Song Shuhao griff heftig an, und Zhang Yu, der um ihre Sicherheit besorgt war, leistete kaum Widerstand, was ihr dadurch erheblichen Vorteil verschaffte. Als sie ihn zu Boden stieß und er sah, wie Song Shuhao auf ihm saß, ergab sich Zhang Yu, ohne sie für ihr ungebührliches Verhalten zu tadeln, und schien voller Vorfreude.

Sie beugte sich vor und küsste Zhang Yu erneut, wobei sie die Veränderung in seinem Unterleib spürte. Song Shuhao flüsterte ihm ins Ohr: „Eure Majestät, ich gehe nun zurück. Möchtet Ihr noch einen Moment liegen bleiben?“ Sie lächelte unschuldig, stand auf und trat rasch zur Seite.

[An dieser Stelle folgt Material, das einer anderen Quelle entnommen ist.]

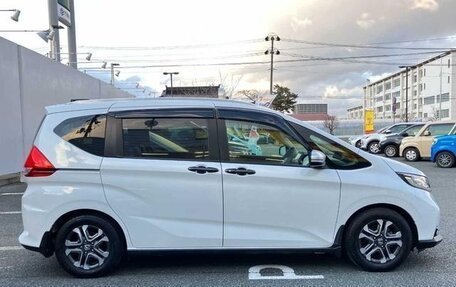 Honda Freed II, 2022 год, 1 405 000 рублей, 3 фотография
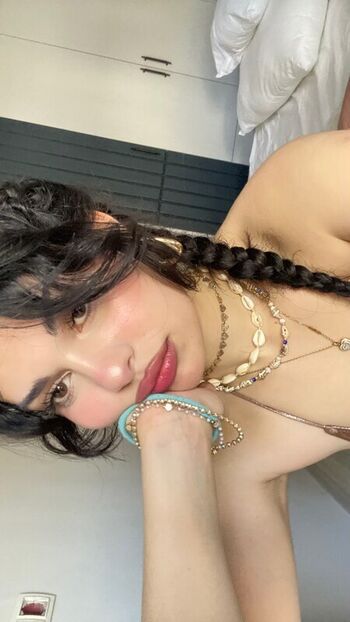 Full leaked Irem avci private photo
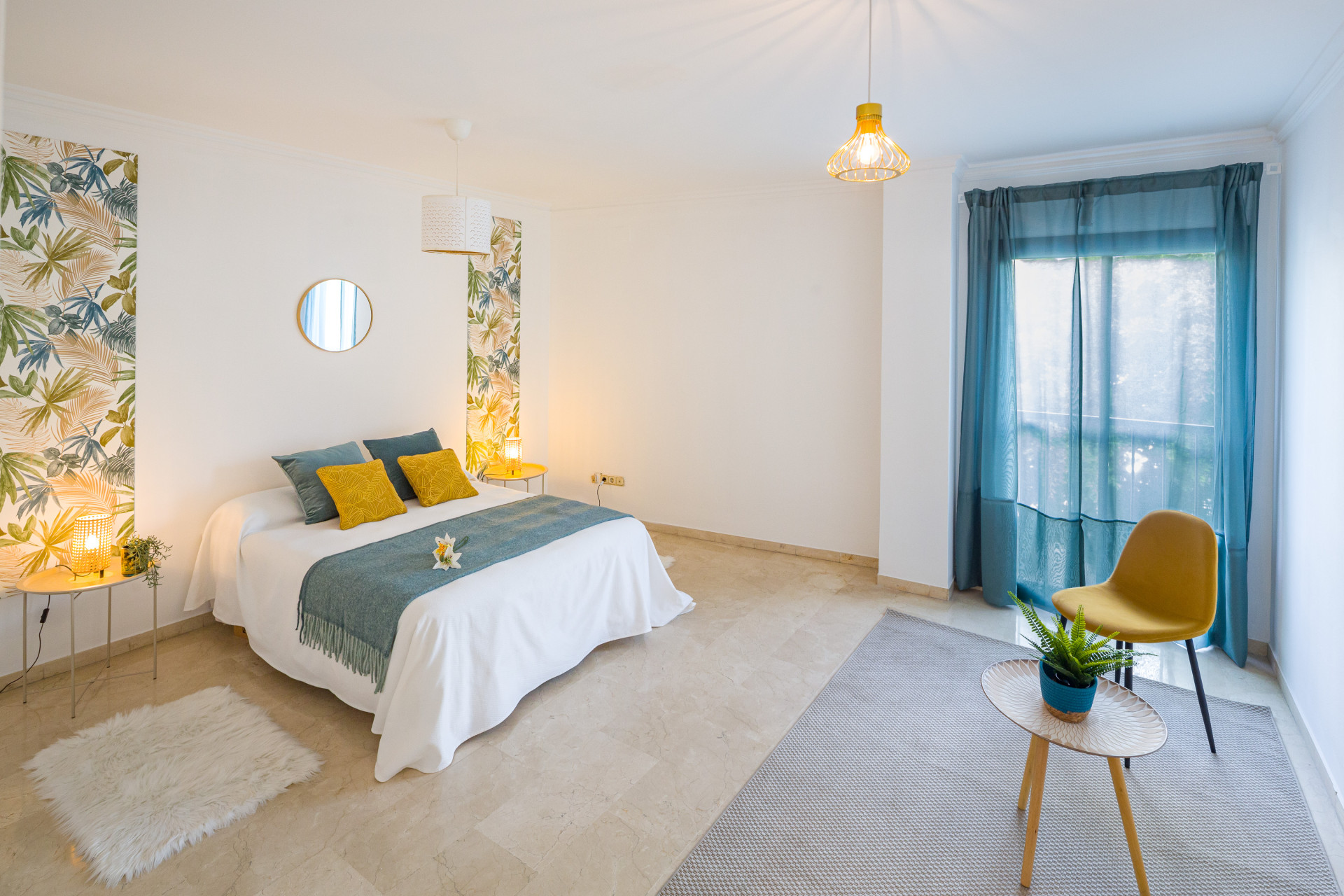 2 Bed, 2 Bath - Apartment for Sale in Puerto Banus, Marbella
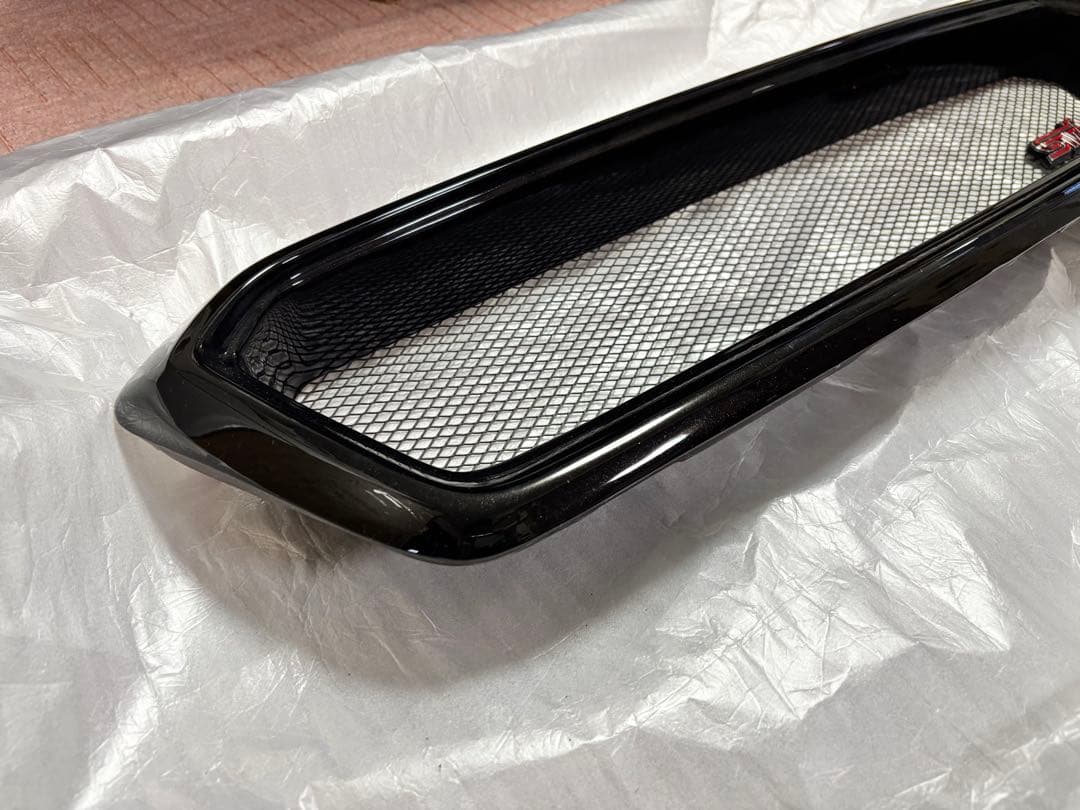 レヴォーグ グリル 社外品 塗装済み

Diese Worte trafen ihn wie ein Schlag. Zum Glück ließ sich Zhang Yu nicht täuschen, denn er wusste, dass Song Shuhao nicht den Mut hatte, sich an einem solchen Ort mit ihm anzulegen. Er stellte sich einfach steif, stand auf, und wortlos gingen die beiden gemeinsam den Berg hinunter.